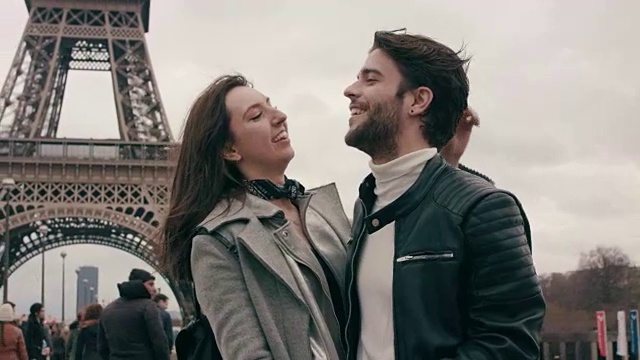 游客们在巴黎玩得很开心视频素材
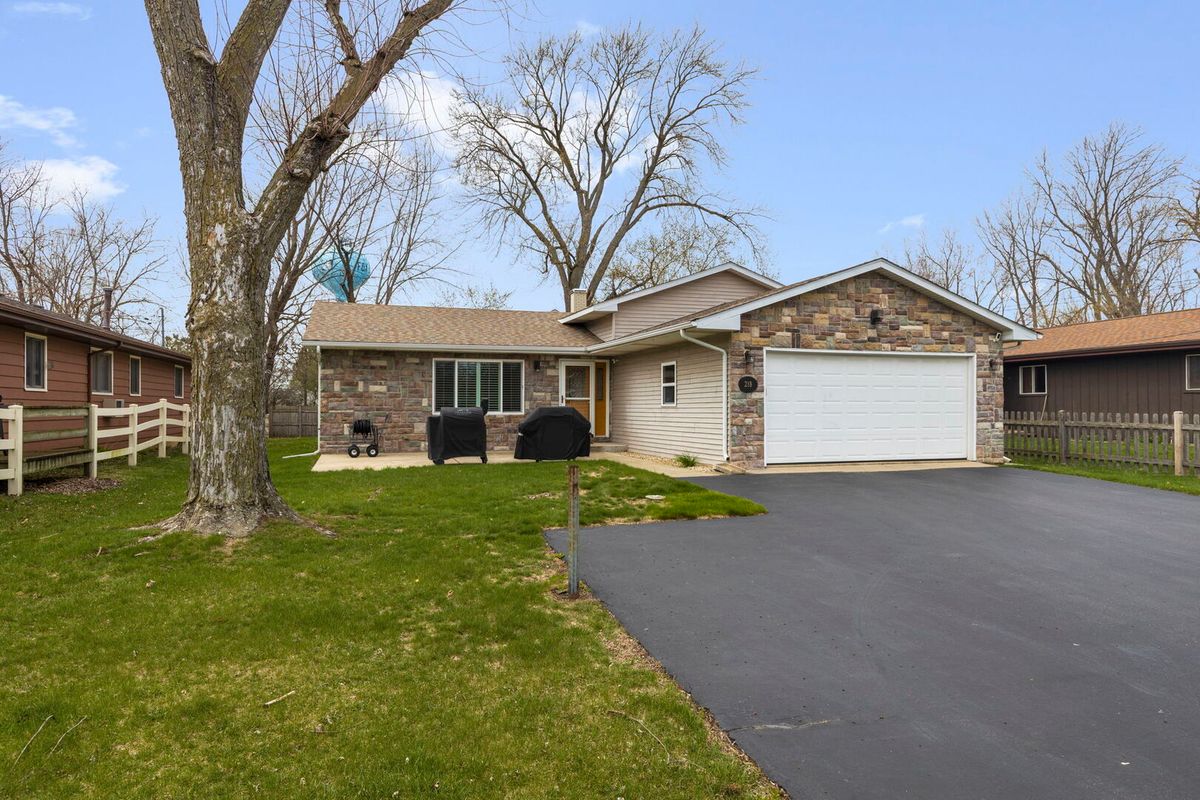 218 Mastodon Drive, Ingleside, IL 60041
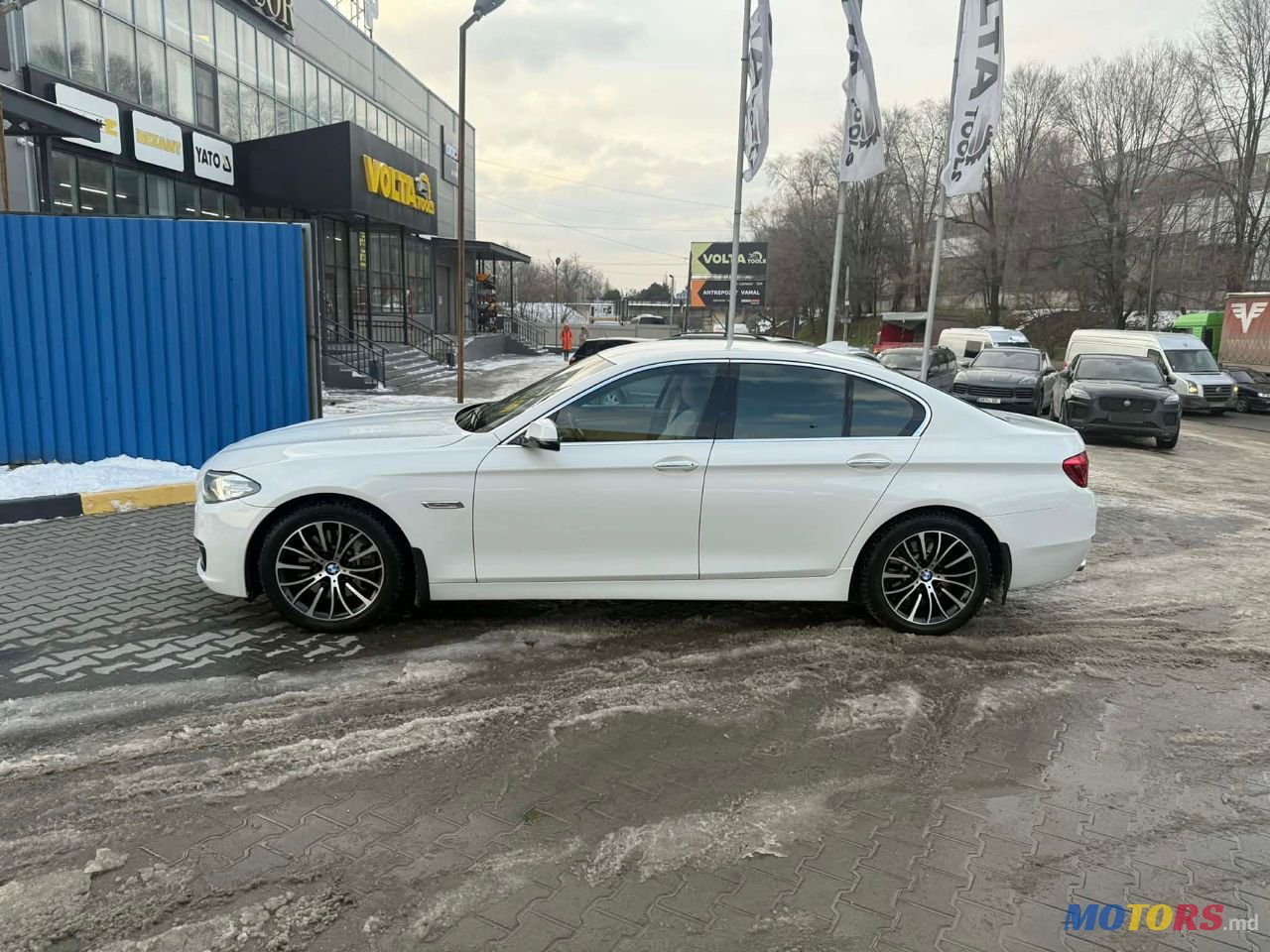 2014' BMW 5 Series photo #1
.....
## [PROMPT]
Skip the pictures. Return exactly the lines from the one containing "218 Mastodon Drive, Ingleside, IL 60041" through the end of the data above, both included, and nothing besides.

## [TASK RESPONSE]
 218 Mastodon Drive, Ingleside, IL 60041
 2014' BMW 5 Series photo #1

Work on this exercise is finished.